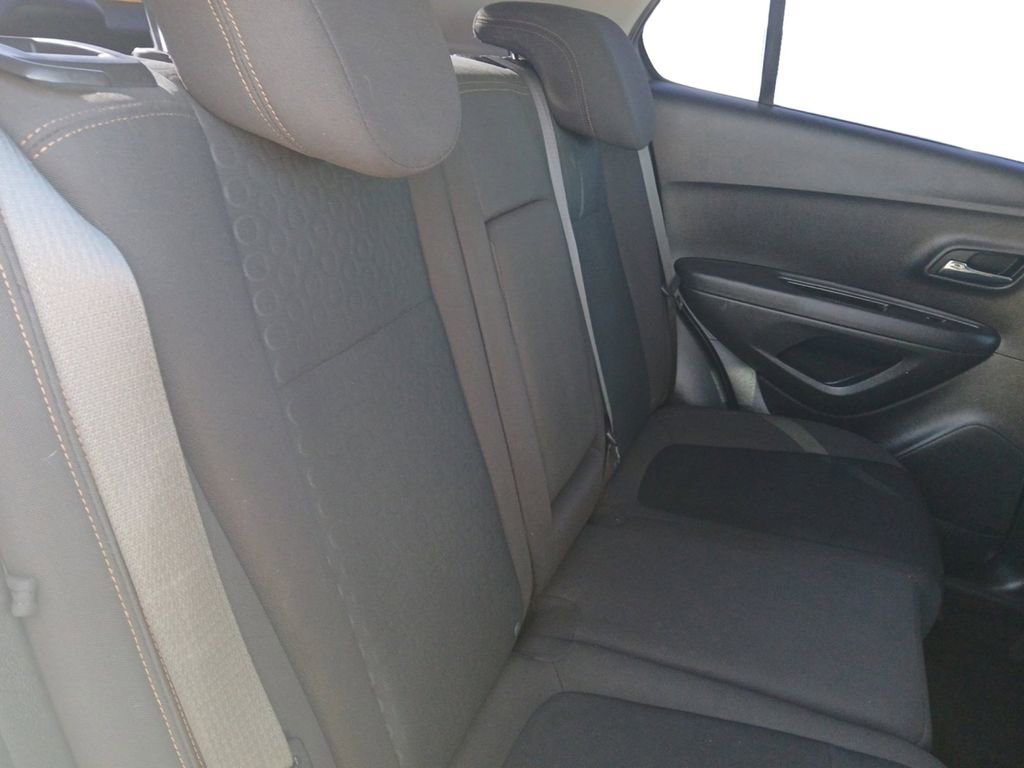 Used 2017 Chevrolet Trax LS image 17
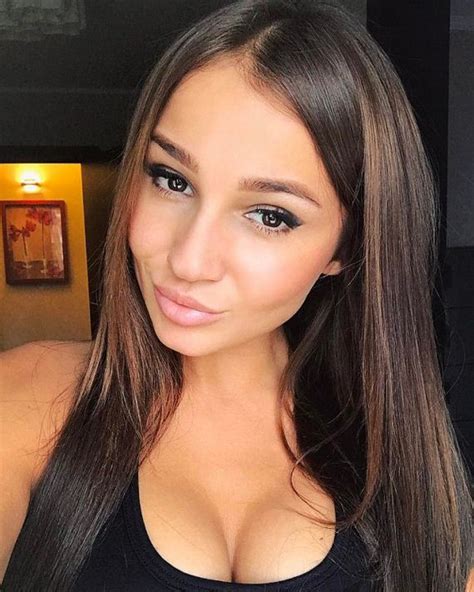 The Hottest Selfies On The Net Barnorama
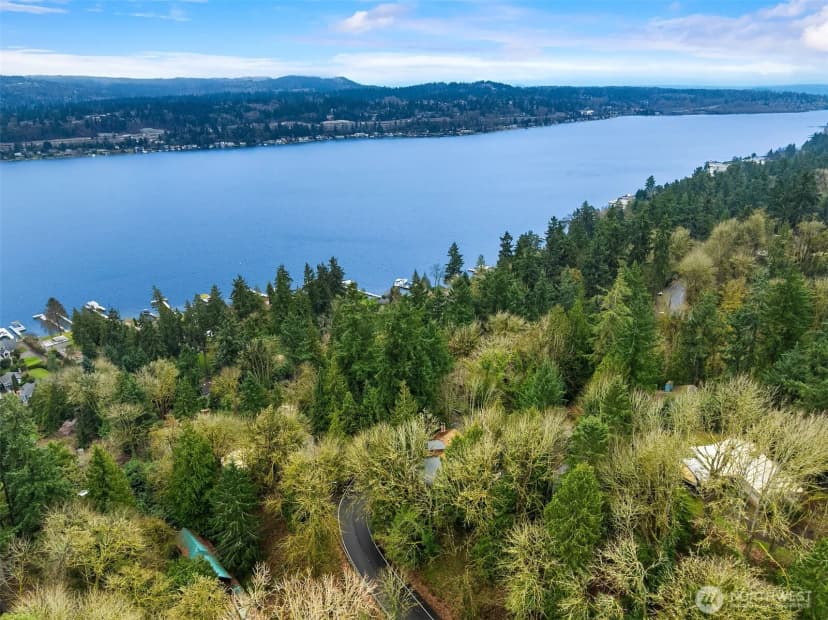 Property photo for 4429 E Mercer Way, Mercer Island photo 4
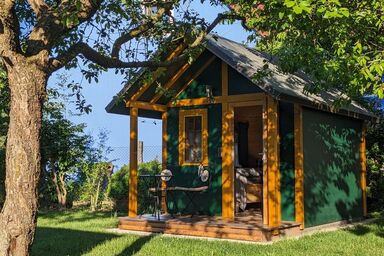 Ferienhaus zur Altmühl - Gartenhaus grün mit einem Schlafzimmer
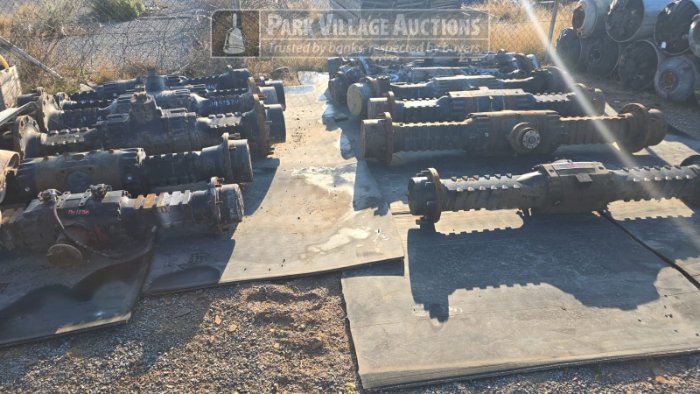 LOT FRONT AND REAR AXLES AND DIFFS FOR MANITOU AND UTILITY VEHICLES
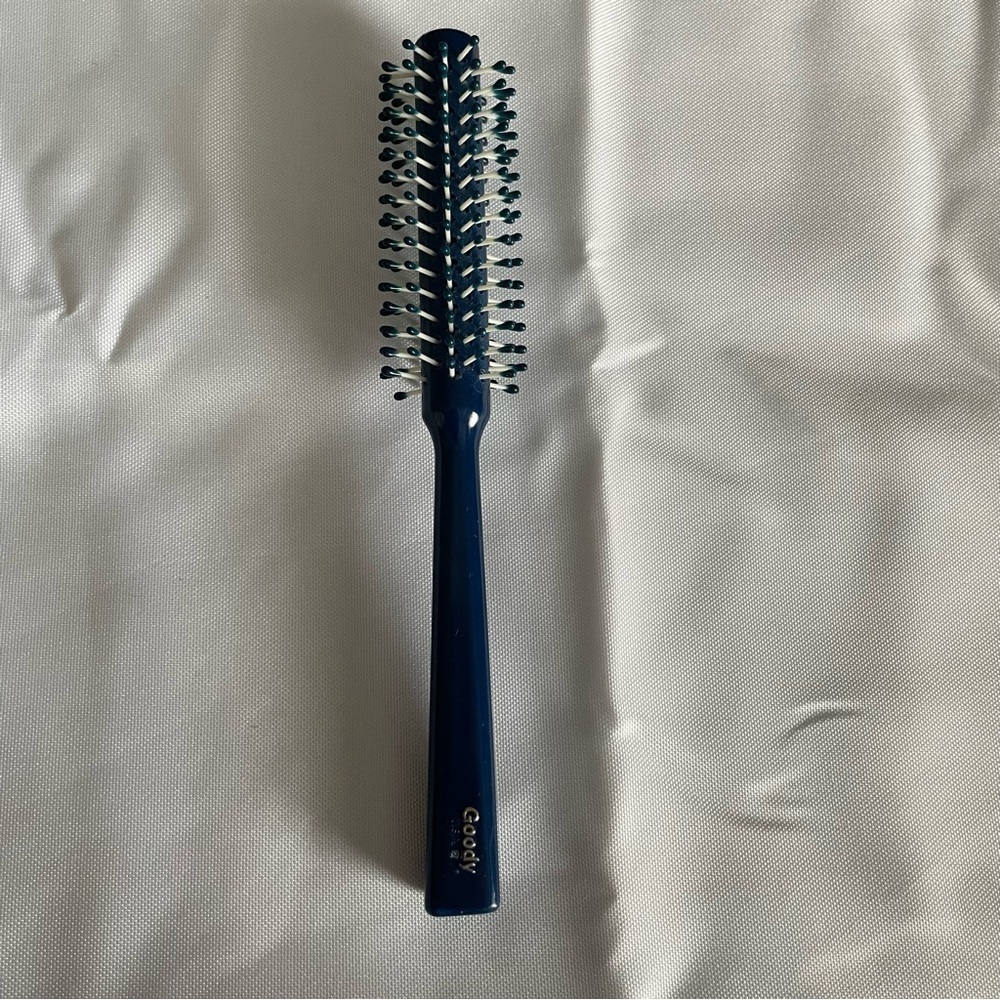 Vintage GOODY Brush Blue Small Round Styler Classic Collection Comfort Tip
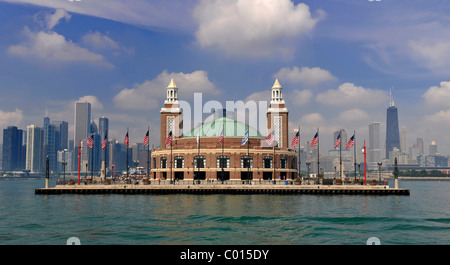 Navy Pier Vergnügungspark gesehen vom Lake Michigan vor der Skyline mit dem John Hancock Center und das Aon-Gebäude Stockfoto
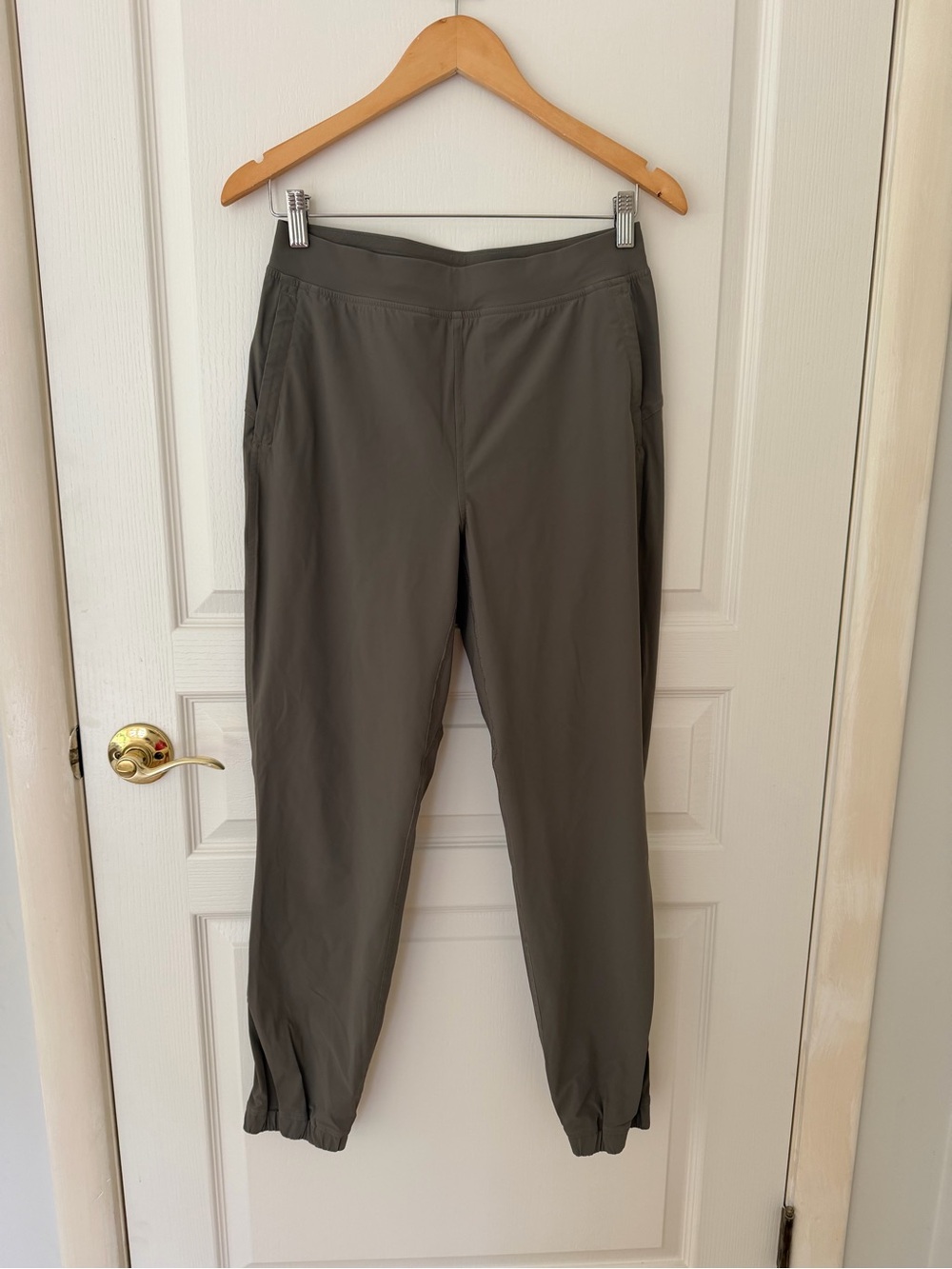 Lululemon Gray High-Rise Jogger Pants with Ankle Zips – Size 6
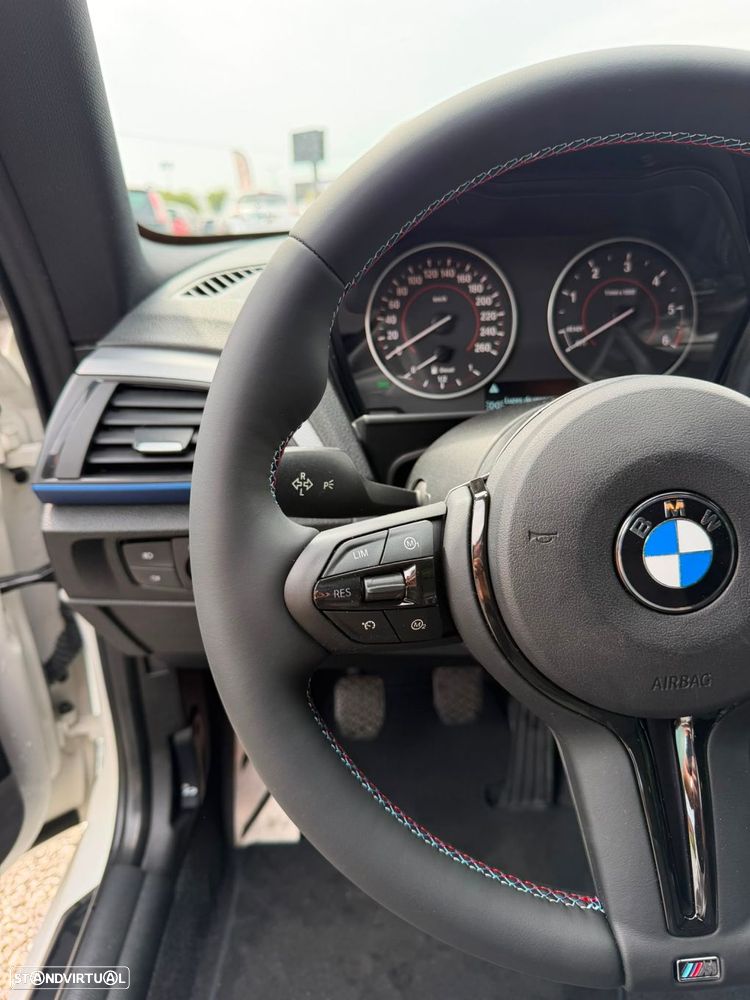 BMW 120 d xDrive Pack M - 16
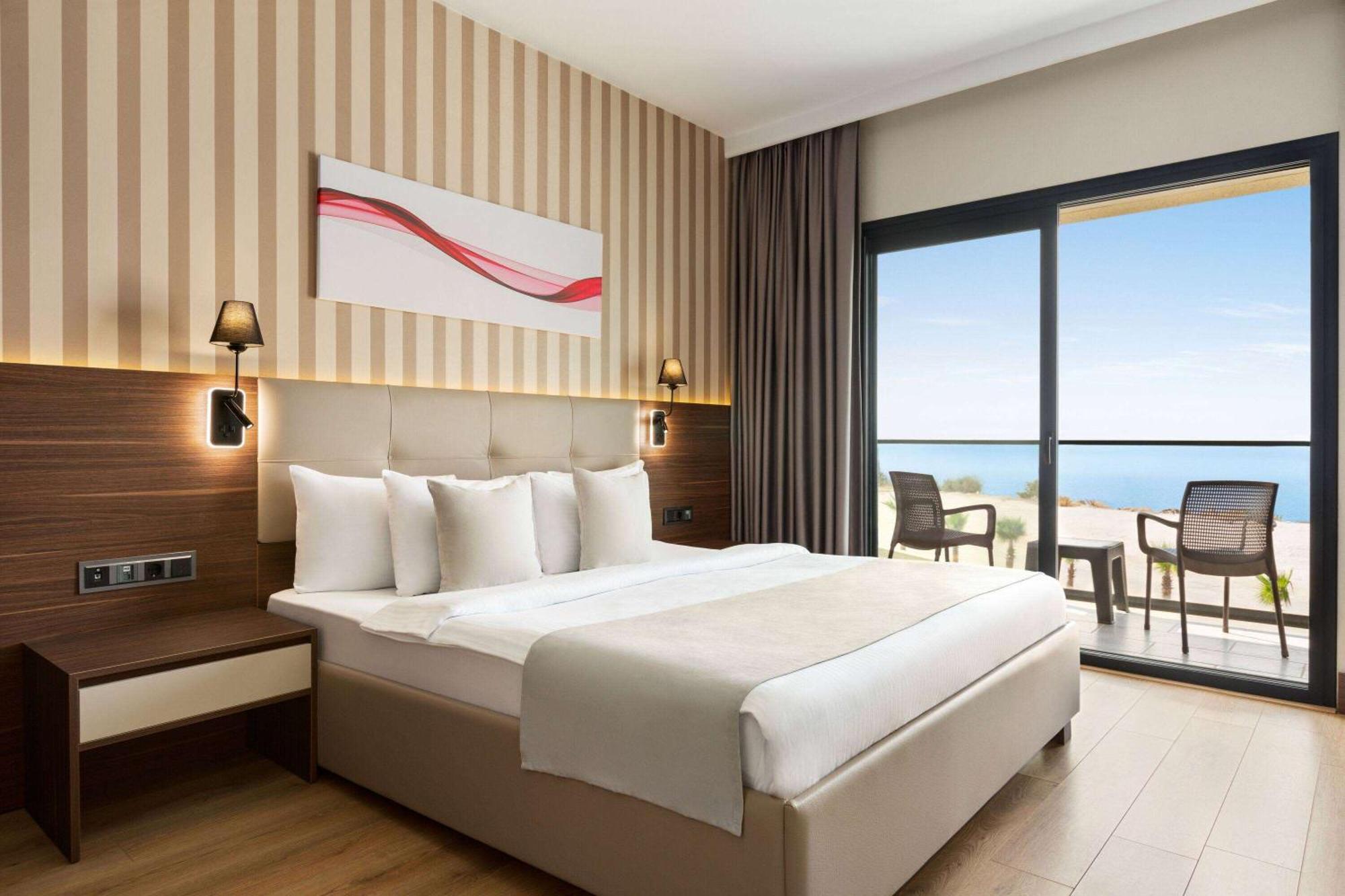 Hotel Ramada By Wyndham Çeşme Exterior foto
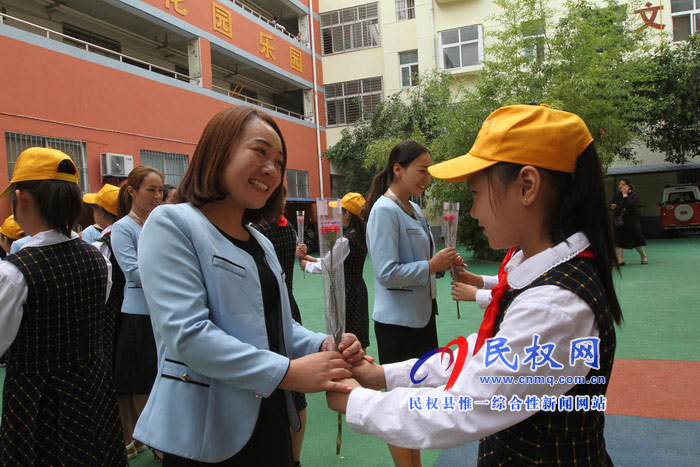 育才雙語(yǔ)小學(xué)舉行教師節(jié)慶典活動(dòng) 育才雙語(yǔ)小學(xué)舉行教師節(jié)慶典活動(dòng)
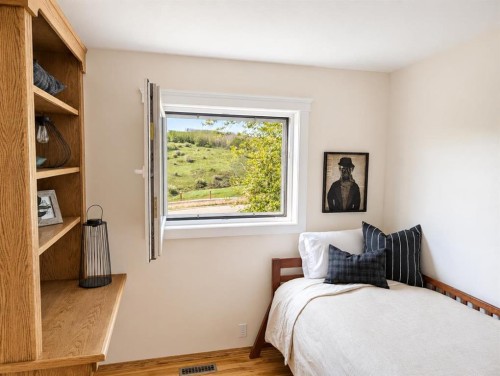 62 Macewan Park View Nw, Calgary, AB - Indoor Photo Showing Bedroom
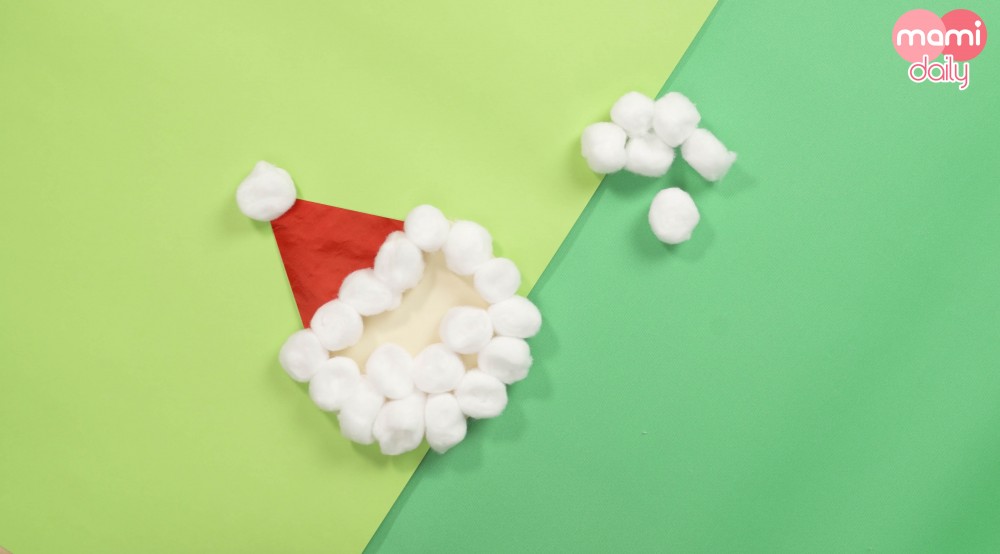 圍著半圓塗上白膠漿,把棉花球貼上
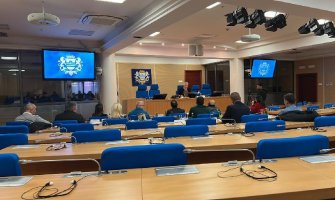Vukčević: Manjina u IK pokušala da proglasi konačne rezultate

━━━━━━━━━━━━━━━━━━━━━━━━━━━━━━

> THE TASK:
Please retype the material in full, exactly as it reads, apart from the images.

> RESPONSE AREA:
 Used 2017 Chevrolet Trax LS image 17
 The Hottest Selfies On The Net Barnorama
 Property photo for 4429 E Mercer Way, Mercer Island photo 4
 Ferienhaus zur Altmühl - Gartenhaus grün mit einem Schlafzimmer
 LOT FRONT AND REAR AXLES AND DIFFS FOR MANITOU AND UTILITY VEHICLES
 Vintage GOODY Brush Blue Small Round Styler Classic Collection Comfort Tip
 Navy Pier Vergnügungspark gesehen vom Lake Michigan vor der Skyline mit dem John Hancock Center und das Aon-Gebäude Stockfoto
 Lululemon Gray High-Rise Jogger Pants with Ankle Zips – Size 6
 BMW 120 d xDrive Pack M - 16
 Hotel Ramada By Wyndham Çeşme Exterior foto
 育才雙語(yǔ)小學(xué)舉行教師節(jié)慶典活動(dòng) 育才雙語(yǔ)小學(xué)舉行教師節(jié)慶典活動(dòng)
 62 Macewan Park View Nw, Calgary, AB - Indoor Photo Showing Bedroom
 圍著半圓塗上白膠漿,把棉花球貼上
Vukčević: Manjina u IK pokušala da proglasi konačne rezultate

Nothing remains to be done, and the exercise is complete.